I have a growing interest in medieval knives and daggers. The need for a new camp/utility knife gave me a chance to try medieval sheath technology in a real-world setting as opposed to just putting it on a shelf.

The knife is one of the wonderful Old Hickory butcher knives you can get new for under $12. This is the 7" blade (high carbon steel,) which is compact and light enough for fieldcraft, but thick enough for limbing, batoning, etc. Because it's incredibly cheap and sturdy, you can push this knife a long way without worrying too much about breakage. You can see how worried I am about keeping this blade pristine. Those qualities played a part in my sheath planning.

The sheath is of the duplex style typical of what you'll find in the Museum of London publication "Knives and Scabbards." There isn't much in the way of construction or decoration to suggest a period more specific than 1300-1500. I did add a hasty design to the front of the scabbard just because that broad surface looked very dull without something. In keeping with the utilitarian work overall, I used a very coarse stitching (two-needle) of the heavy waxed cord sold as "artificial sinew." I punched the holes rather far from the seam edge because I didn't want to risk the cord pulling through.

For the suspension, I've used paracord instead of the historically appropriate thong, but I'm not necessarily convinced the paracord is superior as it might be more prone to slippage. Here's where the cost of the knife and leather influence the construction of the sheath–if this suspension fails and and I lose my knife, I'll shed a quick tear over the labor, but won't worry too much about the $15 or so I have invested in this set. Because the German Bauernwehr was sometimes suspended from a narrow belt, I've made the horizontal suspension channel large enough to accommodate that suspension if the thong annoys me. In general, I like to have field kit well-secured, but I'm willing to give this loose suspension a chance for the sake of better understanding it.

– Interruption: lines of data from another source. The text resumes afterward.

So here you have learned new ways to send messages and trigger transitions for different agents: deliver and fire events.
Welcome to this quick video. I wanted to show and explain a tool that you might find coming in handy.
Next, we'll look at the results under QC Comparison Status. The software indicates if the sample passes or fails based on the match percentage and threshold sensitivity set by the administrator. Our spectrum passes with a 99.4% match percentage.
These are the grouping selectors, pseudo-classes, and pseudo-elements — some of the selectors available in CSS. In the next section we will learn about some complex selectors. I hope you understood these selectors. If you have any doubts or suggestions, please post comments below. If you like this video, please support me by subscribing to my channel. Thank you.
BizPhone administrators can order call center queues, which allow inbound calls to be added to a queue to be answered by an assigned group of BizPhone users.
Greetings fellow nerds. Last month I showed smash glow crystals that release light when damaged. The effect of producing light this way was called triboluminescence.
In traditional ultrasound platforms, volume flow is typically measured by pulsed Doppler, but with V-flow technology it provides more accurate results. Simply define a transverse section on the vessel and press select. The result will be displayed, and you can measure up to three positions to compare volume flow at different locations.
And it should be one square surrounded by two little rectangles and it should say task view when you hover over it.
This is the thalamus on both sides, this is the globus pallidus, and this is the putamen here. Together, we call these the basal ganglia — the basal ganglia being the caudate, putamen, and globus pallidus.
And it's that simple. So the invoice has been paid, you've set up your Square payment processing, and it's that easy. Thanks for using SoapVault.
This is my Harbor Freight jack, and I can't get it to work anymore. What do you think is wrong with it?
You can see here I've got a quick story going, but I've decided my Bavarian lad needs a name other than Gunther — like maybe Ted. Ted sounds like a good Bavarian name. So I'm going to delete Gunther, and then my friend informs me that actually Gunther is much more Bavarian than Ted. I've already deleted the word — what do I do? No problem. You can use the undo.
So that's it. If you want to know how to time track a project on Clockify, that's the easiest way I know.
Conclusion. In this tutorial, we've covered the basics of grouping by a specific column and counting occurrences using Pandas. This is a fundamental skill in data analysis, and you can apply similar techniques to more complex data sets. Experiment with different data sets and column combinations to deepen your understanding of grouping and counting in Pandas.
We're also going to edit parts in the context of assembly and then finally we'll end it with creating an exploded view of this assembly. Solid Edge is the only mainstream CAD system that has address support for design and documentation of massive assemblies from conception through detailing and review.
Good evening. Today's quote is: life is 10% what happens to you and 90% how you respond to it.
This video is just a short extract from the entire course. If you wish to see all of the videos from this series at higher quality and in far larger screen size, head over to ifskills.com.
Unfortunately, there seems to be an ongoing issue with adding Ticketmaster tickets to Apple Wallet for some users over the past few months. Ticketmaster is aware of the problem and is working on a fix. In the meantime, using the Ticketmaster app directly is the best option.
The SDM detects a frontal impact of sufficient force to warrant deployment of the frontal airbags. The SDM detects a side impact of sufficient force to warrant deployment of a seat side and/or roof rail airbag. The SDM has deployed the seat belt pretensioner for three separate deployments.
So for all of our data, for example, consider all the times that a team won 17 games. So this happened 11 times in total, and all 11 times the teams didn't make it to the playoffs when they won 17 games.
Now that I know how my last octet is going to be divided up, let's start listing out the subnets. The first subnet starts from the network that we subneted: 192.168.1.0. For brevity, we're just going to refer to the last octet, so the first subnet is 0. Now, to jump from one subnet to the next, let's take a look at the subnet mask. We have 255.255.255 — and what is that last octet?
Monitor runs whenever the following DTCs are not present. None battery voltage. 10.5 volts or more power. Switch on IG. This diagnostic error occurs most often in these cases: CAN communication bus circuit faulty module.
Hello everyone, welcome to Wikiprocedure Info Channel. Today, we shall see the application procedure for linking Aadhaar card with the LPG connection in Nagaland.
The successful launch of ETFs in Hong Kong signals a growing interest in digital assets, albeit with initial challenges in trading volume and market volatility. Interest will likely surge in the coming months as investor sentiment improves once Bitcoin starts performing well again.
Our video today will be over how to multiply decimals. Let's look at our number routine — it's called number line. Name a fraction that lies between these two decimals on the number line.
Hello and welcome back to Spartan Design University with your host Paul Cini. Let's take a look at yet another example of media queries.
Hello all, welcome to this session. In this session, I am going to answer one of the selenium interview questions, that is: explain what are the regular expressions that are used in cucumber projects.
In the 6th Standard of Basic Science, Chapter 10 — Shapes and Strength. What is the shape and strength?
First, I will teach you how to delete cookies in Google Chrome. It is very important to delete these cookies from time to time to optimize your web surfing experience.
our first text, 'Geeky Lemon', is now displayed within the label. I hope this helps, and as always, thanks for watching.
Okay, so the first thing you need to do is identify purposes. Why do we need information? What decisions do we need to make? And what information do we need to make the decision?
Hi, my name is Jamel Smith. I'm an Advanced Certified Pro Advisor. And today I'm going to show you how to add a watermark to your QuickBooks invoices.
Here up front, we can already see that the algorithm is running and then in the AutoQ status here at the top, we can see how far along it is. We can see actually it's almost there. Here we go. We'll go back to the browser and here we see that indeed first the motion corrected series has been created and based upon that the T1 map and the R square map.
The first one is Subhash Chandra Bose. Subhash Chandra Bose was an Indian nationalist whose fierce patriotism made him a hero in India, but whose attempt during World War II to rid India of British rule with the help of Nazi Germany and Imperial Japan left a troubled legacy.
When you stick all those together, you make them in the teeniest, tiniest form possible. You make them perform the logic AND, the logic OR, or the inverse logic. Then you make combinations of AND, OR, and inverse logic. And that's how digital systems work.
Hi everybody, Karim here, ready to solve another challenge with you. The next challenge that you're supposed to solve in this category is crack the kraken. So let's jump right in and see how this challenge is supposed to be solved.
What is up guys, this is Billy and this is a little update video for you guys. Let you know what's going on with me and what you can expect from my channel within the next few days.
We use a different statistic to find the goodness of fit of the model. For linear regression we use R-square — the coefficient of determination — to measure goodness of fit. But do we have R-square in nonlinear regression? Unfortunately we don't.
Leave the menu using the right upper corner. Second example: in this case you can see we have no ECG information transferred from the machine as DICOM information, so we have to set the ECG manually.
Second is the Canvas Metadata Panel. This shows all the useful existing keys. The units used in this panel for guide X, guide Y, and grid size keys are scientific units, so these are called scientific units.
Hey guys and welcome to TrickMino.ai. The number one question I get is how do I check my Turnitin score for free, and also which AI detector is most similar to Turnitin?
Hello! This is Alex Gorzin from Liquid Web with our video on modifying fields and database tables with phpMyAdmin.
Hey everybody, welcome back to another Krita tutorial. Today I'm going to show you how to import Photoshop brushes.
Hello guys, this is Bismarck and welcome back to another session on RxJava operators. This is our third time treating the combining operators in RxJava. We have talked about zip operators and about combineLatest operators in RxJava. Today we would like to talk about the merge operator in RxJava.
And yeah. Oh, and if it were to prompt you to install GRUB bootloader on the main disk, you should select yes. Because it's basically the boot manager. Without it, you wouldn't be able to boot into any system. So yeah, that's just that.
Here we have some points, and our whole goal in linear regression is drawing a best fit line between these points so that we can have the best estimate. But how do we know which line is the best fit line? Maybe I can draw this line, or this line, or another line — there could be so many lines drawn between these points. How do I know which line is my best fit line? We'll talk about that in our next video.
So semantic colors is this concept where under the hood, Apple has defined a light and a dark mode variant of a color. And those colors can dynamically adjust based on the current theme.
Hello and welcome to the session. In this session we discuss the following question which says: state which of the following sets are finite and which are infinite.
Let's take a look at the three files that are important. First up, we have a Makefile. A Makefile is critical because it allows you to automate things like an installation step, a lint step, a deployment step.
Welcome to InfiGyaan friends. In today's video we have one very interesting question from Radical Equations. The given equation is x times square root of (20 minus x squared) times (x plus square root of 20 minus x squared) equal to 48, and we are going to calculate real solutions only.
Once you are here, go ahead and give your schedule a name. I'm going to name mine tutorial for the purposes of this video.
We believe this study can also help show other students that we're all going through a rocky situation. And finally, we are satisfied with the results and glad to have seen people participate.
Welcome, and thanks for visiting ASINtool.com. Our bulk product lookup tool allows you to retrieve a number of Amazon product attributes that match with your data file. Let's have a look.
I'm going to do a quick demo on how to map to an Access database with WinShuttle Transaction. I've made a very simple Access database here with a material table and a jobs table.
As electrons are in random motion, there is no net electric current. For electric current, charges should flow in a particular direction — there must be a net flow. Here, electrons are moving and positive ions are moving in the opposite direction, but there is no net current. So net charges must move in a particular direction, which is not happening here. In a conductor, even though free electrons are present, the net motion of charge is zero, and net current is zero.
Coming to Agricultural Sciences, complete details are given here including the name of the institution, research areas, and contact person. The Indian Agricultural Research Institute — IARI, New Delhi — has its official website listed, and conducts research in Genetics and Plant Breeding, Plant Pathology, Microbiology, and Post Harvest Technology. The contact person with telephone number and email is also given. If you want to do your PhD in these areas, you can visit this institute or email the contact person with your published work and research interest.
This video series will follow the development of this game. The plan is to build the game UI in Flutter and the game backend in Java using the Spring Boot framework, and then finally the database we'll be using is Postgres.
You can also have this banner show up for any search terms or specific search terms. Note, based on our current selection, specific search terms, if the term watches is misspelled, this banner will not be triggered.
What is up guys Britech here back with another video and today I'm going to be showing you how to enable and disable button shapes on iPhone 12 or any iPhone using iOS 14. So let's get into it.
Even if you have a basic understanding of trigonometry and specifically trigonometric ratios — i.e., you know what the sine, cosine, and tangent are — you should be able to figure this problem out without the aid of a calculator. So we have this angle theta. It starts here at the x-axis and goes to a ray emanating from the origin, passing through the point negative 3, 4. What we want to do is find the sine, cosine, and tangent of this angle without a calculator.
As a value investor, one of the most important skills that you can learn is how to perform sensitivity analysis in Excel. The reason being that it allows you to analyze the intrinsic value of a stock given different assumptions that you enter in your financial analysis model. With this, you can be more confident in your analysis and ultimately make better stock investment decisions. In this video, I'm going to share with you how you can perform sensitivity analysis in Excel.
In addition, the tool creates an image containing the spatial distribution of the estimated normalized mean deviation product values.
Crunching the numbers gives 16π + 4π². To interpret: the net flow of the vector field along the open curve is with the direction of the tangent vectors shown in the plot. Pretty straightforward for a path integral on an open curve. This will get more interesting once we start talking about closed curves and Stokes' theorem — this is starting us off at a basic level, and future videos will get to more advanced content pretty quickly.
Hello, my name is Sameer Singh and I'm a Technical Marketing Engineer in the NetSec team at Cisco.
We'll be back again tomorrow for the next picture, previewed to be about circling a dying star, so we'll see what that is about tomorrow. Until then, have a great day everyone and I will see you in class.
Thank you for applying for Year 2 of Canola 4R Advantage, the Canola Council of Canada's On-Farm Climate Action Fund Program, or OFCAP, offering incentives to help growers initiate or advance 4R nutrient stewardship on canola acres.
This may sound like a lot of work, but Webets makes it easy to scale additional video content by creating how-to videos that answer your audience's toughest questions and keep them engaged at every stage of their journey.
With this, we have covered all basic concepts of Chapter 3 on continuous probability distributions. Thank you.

One obvious advantage of this suspension is that it can move out of the way as you kneel, crouch or sit on the ground, which is often the case in fieldcraft. A large knife fixed tightly to a belt can restrict such movement and be uncomfortable.

Medieval paintings often show light knives (eating knives, etc.) suspended by a single loop. For a knife of this size, I think I'll prefer folding the single loop over to create duel side-by-loops. This should be a good compromise between stability and flexibility. We'll see.

The photo at bottom shows how I keep the suspension channels open at the various stages of construction. At the stage shown, I was gluing the duplex layers around the mouth of the sheath to stiffen the opening and help prevent separation of the layers. When that was dry I did the final trimming, dyeing and burnishing of the mouth. You could just as well finish everything and then dye. That probably makes more sense, and it would save some staining of your hands! I rubbed the dried sheath with a cloth to remove excess dye then rubbed in copious amounts of beeswax to fill the seam and stitch holes, and polished with a dry cloth.

So, there's my $15 Bama-wehr. It's a relatively simple, practical and inexpensive way to develop skills for the broader hobby of medieval arms.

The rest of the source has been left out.